Sadegh Nabavi granted 2 million DKK by AUFF NOVA to study fear

Sadegh Nabavi will receive the grant over a 3 year period for a project dedicated to map the brain circuit for an innate fear. The innate fear studied is in rodents for predator. Ultimately, the goal is to know what's the difference between a learned fear and innate fear at the circuit and synaptic levels.

2016.11.24 | Emilie Marie Niebuhr Aagaard

The AUFF NOVA grant is only awarded to projects that are pioneering in their field and show clear potential for scientific breakthroughs. Sadegh Nabavis project got a AUFF NOVA grant of 2 million DKK in order to study innate fear over the next three years. 

Description of the project

Fear is perhaps the most powerful factor that defines our decisions and our social interaction. It is essential to our survival, but also a weakness that can be exploited by others. Therefore, understanding the fear circuits has impacts well beyond the scope of neurosciences. Fears are either innate or learned. Examples of innate fear include fear of snakes or height. The fear of a gun pointing at us is learned, as when a man of the 12th century would not have been frightened.

Fear circuit is evolutionary conserved. Therefore, by using invasive techniques in animals we can gain valuable information about the circuit. In rodents a learned fear is induced by associating a neutral stimulus such as a light with an aversive event, such as, an electric shock (Garcia et al., 1999, Nature). Innate fear is induced simply by exposing animals to a fake predator such as a toy snake (Tovote et al., 2016, Nature).

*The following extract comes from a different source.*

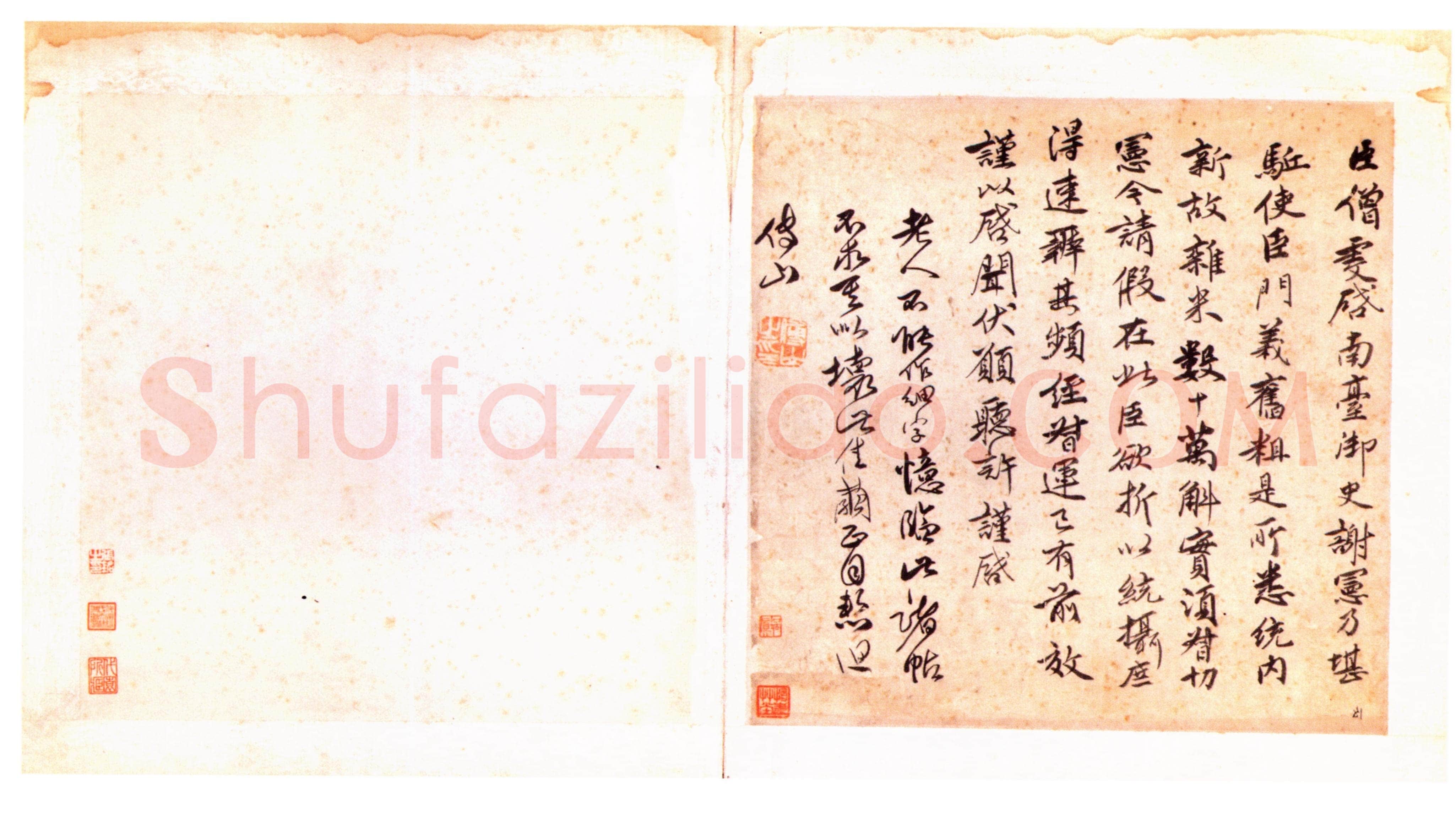傅山《行草临帖书册》册 纸本 32cm×32cm×2×8 山西省博物院藏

At cellular level, circuit for innate fear is hardwired in our brain. Learned fear, on the other hand, is formed with experiences by synaptic plasticity, the change in the strength of connections between
neurons (Nabavi et al., 2014, Nature). At behavioral level, however, animal’s reaction to both types of fear is virtually the same, expressed by a lack of movement. This indicates that the two systems engage overlapping circuits in the amygdala, the brain’s fear center. This raises a dilemma: how two qualitatively different visual information, one signaling a neutral object, the other a predator, activate the same part of the amygdala, and yet animal responses appropriately? Put it simply, why we show the same fear response to a snake crawling toward us and a gun pointing at us, but only for the gun that we had to learn its danger? This proposal is designed with this question in mind.